Revista D de El Dínamo publicó la siguiente columna del gerente general de Quiñenco, Francisco Pérez Mackenna:
En mayo de 1930, dos hermanos, Louis y Caroline Bamberg, donaron US$ 5 millones, de los US$ 11 millones que habían recibido por la venta de su negocio a Macy´s, para la fundación del Institute for Advanced Study. El objetivo era establecer un centro académico bajo la visión educativa de Abraham Flexner, para reunir a connotados intelectuales en la tranquilidad del campus de la Universidad de Princeton, donde, sin presión alguna, explorarán lo desconocido. La idea, inspirada en un artículo de Flexner titulado La utilidad del conocimiento inútil, era generar conocimiento sin esperar ninguna utilidad inmediata, pues la curiosidad -decía el autor-, más que la aplicación práctica, había originado los hallazgos más beneficiosos para la humanidad.
Así fue como al Instituto llegaron, a principios de los años 30, científicos como John Von Newmann, Kurt Gödel y Albert Einstein. Fue allí donde Von Newman diseñó la primera computadora, Maniac, la que da título al libro de Benjamín Labatut. A pesar de que con ese aparato se hicieron los cálculos para el desarrollo de la bomba de hidrógeno, lo que explotó fue el uso del computador, que ha evolucionado y se ha masificado desde entonces.

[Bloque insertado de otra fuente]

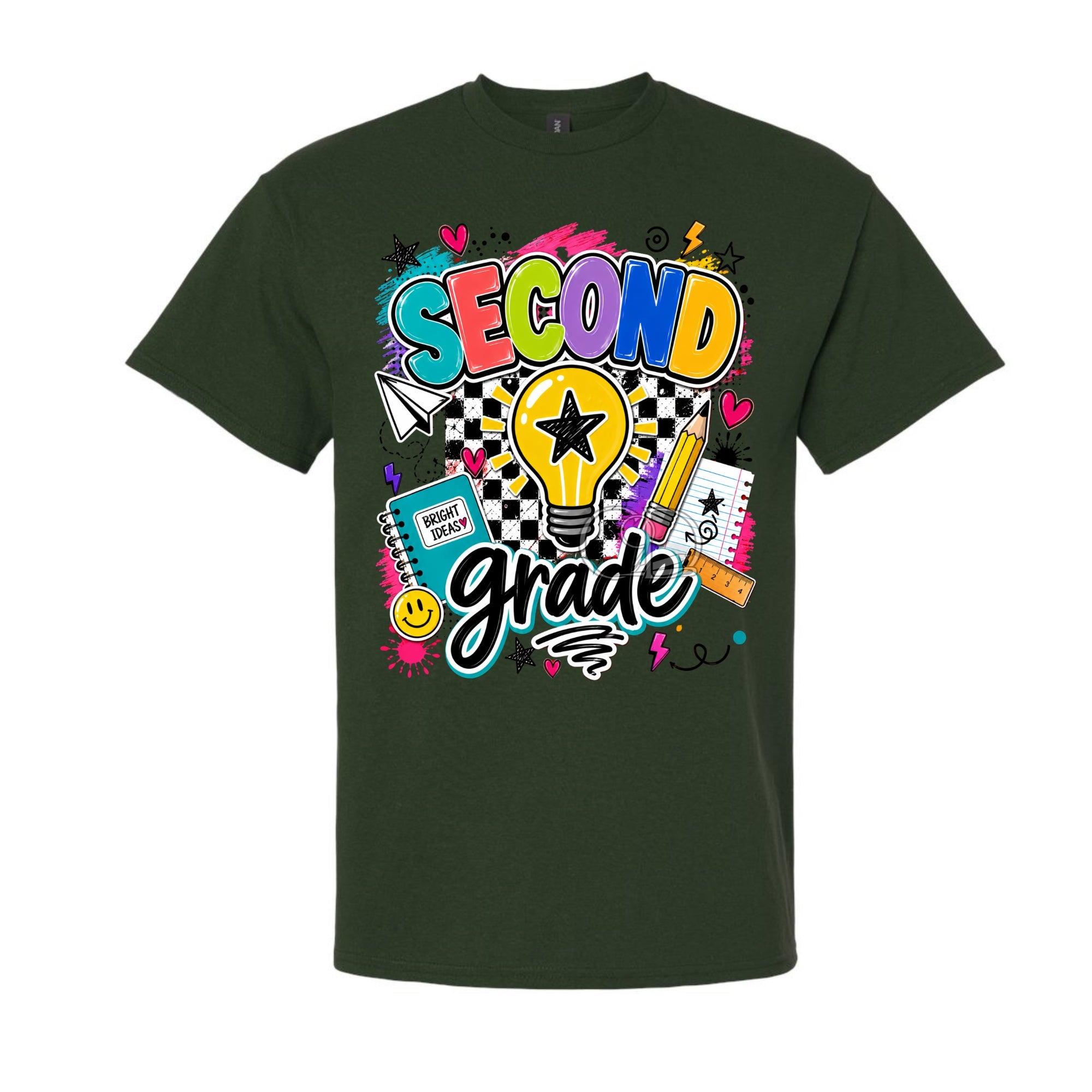 A dark green short-sleeve t-shirt with a colorful graphic on the chest that reads 'SECOND grade' in playful multicolor lettering, surrounded by school-themed doodles like a lightbulb, notebook, pencil, and stars, shown on a plain white background.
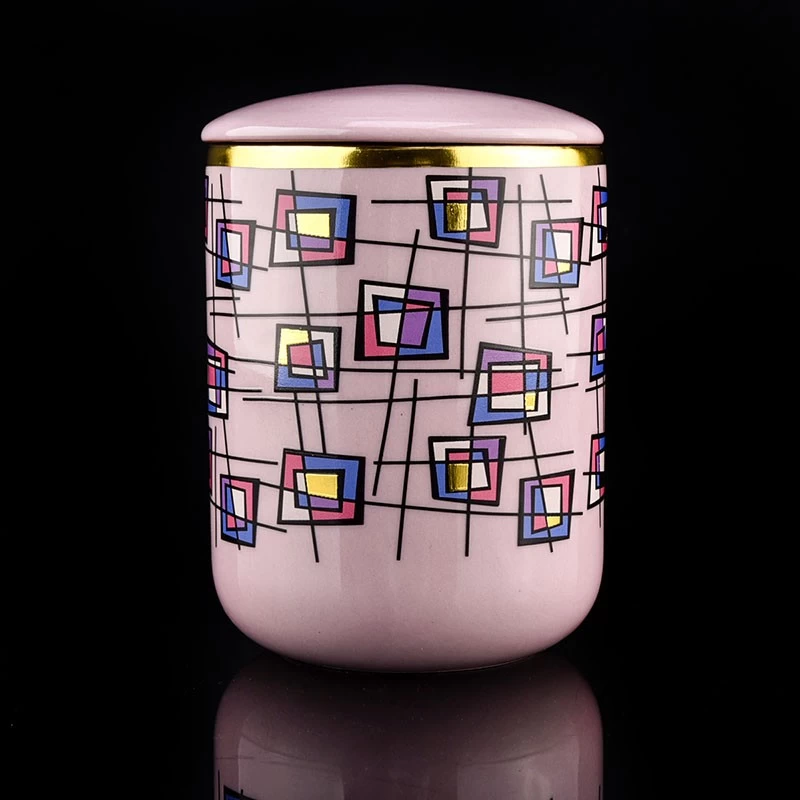 hot sales pink 10oz artwork ceramic jar with lid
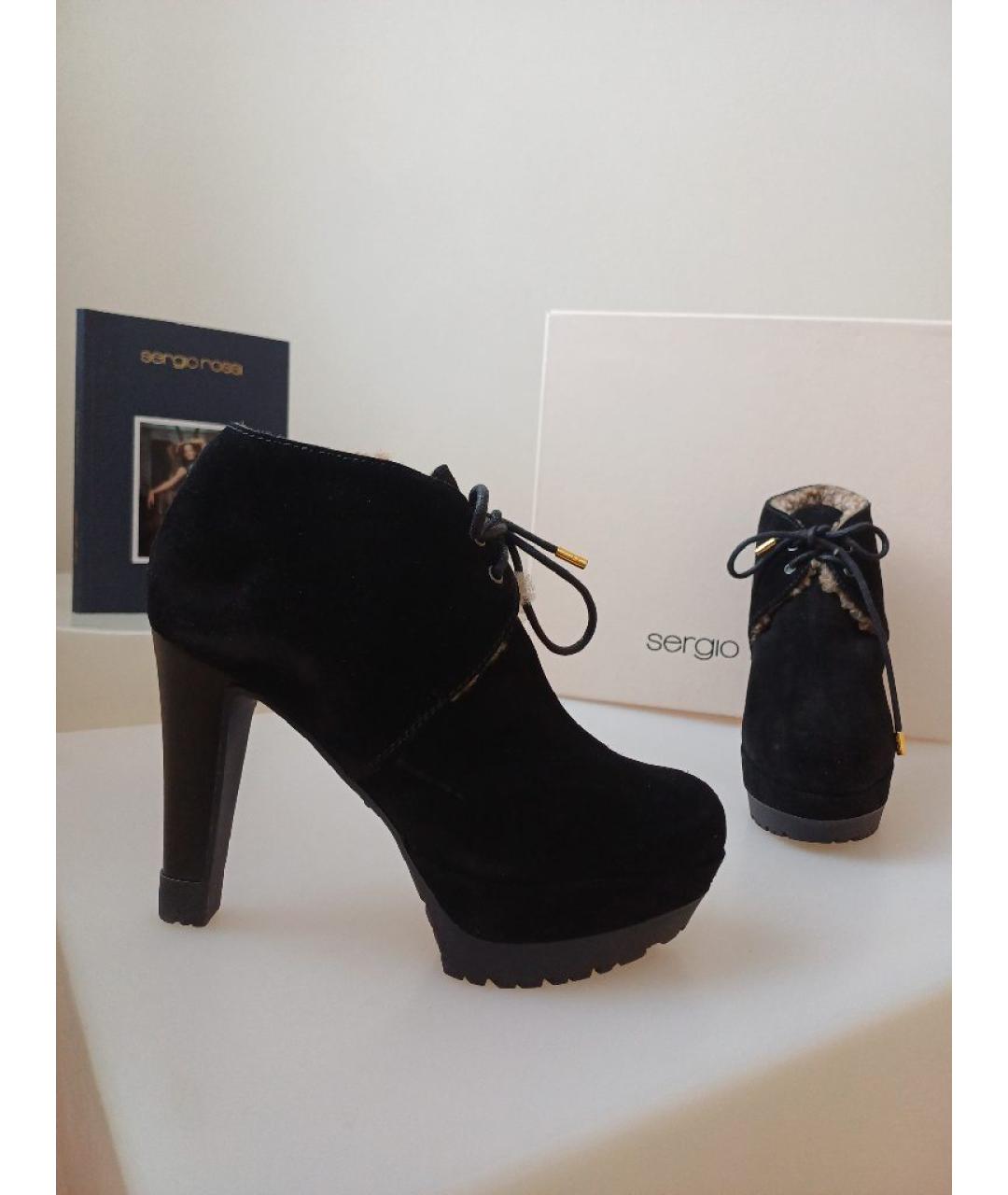 SERGIO ROSSI Черные замшевые ботильоны, фото 6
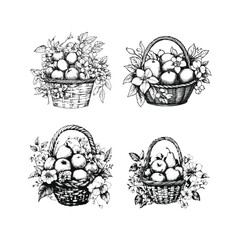 Fototapeta premium basket full of fruit design vector template illustration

Lo interesante de este ejemplo es que puede ser imitado hoy por un país como el nuestro, si nos proponemos crear un polo de desarrollo centrado en el capital humano. Cuando se piensa en el dinamismo de la economía, solemos concentrarnos sólo en las cosas o las actividades que aparentemente lo impulsan (cobre, litio, salmones, celulosa, etc.) más que en las personas, que son el eje del desarrollo humano y del crecimiento del ingreso per cápita.
¿Por qué enfocarse en el capital humano? Porque tiende a generar un efecto parecido a la fuerza de gravedad: mientras más se acumula en un lugar, más se atrae a ese lugar. Así como, según Einstein, la masa curva el espacio-tiempo atrayendo lo que se acerca, el capital humano curva el espacio-conocimiento congregando a los sabios. Es lo que sucedió en ese Instituto, o lo que pasa hoy en Sillicon Valley, o incluso en las ligas de Europa con los talentos de fútbol.
La oportunidad para Chile puede ser ahora, ya que, así como en los años 30 los científicos arrancaban de la Alemania Nazi dirigiéndose a Princeton, hoy el clima de falta de tolerancia por la diversidad de pensamiento instalado en algunas universidades del hemisferio norte puede crear una disposición a migrar mayor a la habitual.
Chile tiene lo más difícil: un país dotado generosamente por la naturaleza y el clima, un hábitat ideal para radicarse. Comparativamente hablando, es capaz de ofrecer calidad de vida, buenas instituciones, tradición democrática, aún bajas tasas de criminalidad respecto de la región donde está emplazado y un ingreso per cápita medio. Por supuesto que no todo es miel sobre hojuelas. Tenemos una permisología casi patológica, una delincuencia al alza de la mano del crimen organizado e impuestos que gravan más que proporcionalmente al capital humano.
Sin embargo, también hay zonas con potencial para atraer a las élites del saber. Partiendo por la astrofísica por la calidad de sus observatorios, y terminando con una industria de la salud que bien puede transformarse en una de clase mundial. ¿Por qué no imaginarse un instituto como el de Princeton en Valdivia, Santiago, Copiapó o cualquier otro lugar? El punto de partida es proponernos esa ambiciosa meta de largo plazo como país, y plantar la semilla para construir un polo de desarrollo de clase mundial.